Durante mucho tiempo Netanyahu ha trabajado en destruir cualquier posibilidad de que se materialice la solución de dos Estados. Fue cuidadoso en su discurso, pero dejó a sus aliados de la derecha israelí —fuertemente representados en su gobierno—, expresar su oposición a cualquier Estado palestino en Cisjordania y Gaza, pese a todos los esfuerzos diplomáticos dirigidos a este fin.
Los partidos religiosos y nacionalistas israelíes nunca han presentado una alternativa, pensando quizás que ninguna solución es la mejor solución, especialmente con el equilibrio de fuerzas militar y políticamente inclinado siempre a su favor para servir a una agenda extremista y expansionista.
En su enfoque simplista, el presidente Trump dijo que estará satisfecho con lo que las dos partes acuerden, ignorando todos los esfuerzos de 12 presidentes estadounidenses que le precedieron para resolver el complicado asunto en el Medio Oriente. Sugirió un marco regional en el que las naciones formen una alianza para enfrentar al terrorismo y a Irán, y para que desarrollen relaciones sólidas que les permitirían resolver el tema palestino desde afuera.
El presidente Trump no comprende el tremendo impacto de la pérdida de Palestina ni la agresiva política israelí desde entonces sobre el pueblo palestino y sobre los países vecinos en los últimos 70 años. El palestino es el núcleo de todos los problemas en la región y más allá.
El martes 21 de febrero se celebró en El Cairo una cumbre entre el presidente egipcio Abdel Fattah al-Sisi y el rey Abdullah, de Jordania. Ambos son conocidos por su alianza estratégica con Estados Unidos. “Las dos partes discutieron los movimientos futuros para romper el estancamiento en el proceso de paz en Medio Oriente. Discutieron la coordinación mutua para alcanzar una solución de dos Estados y establecer un Estado palestino basado en las fronteras del 4 de junio de 1967 con Jerusalén Oriental como capital, una constante nacional que no se puede abandonar”, según Reuters. La misma proclamación sería adoptada por la cumbre de jefes de Estado árabes que tendrá lugar en Jordania a finales de marzo.

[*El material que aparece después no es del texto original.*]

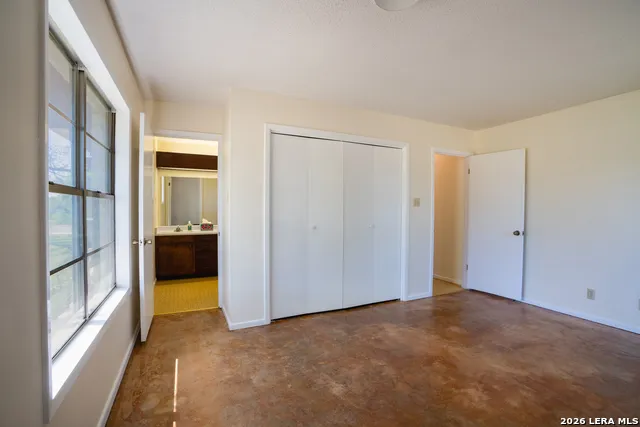 542 Ranch to Market 473 Comfort, TX 78013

El anuncio de Trump no es una cuestión sencilla, como él cree, ni es un logro inteligente, como Netanyahu —con sus maneras disimuladas— asume. Es una renuncia a los compromisos estratégicos e históricos de Estados Unidos, que no será aceptada en ninguna capital árabe, con todas las implicaciones que tiene este cambio en su relación con sus aliados tradicionales en el Medio Oriente.
Los palestinos renunciaron a su lucha armada en los acuerdos de Oslo de 1993, con la suposición de que tendrán su propio Estado en Cisjordania y Gaza, que representan 22% de Palestina. Después del asesinato del primer ministro Yitzhac Rabin, en 1995, los gobiernos de Likud se retiraron de las promesas de Israel hasta el punto de anunciar la muerte de los Acuerdos de Oslo la semana pasada en la Casa Blanca.
Cuando la lucha armada palestina comenzó, en 1965, el principal objetivo de su organización principal, Fatah, era lograr la creación de un Estado democrático en Palestina donde judíos, cristianos y musulmanes vivieran juntos con la igualdad de derechos para todos. Las muchas derrotas del movimiento palestino por Israel y los gobiernos árabes redujeron sus aspiraciones a un Estado palestino en una pequeña parte de Palestina. En la época de Oslo, a mediados de los años 90, la charla en Israel se refería a “después del sionismo” con los liberales en sus días de gloria. Durante ese tiempo el público israelí se deslizaba hacia la derecha y la paz se convirtió en una ilusión muy lejana con Netanyahu dominando la toma de decisiones durante casi dos décadas.
Una solución de un solo Estado podría ser ideal para resolver el viejo problema, pero muchos obstáculos prevalecen en ambos lados y la gente no estaba preparada para aceptar la idea de convivir, pero seguir a los extremistas en ambos lados es una receta para más catástrofes. Derrotar el terrorismo es ahora un gran eslogan para todos los pretendientes. Sin solución política, el extremismo volverá a florecer. Ese es el caso en Siria, Irak y, en particular, en Palestina.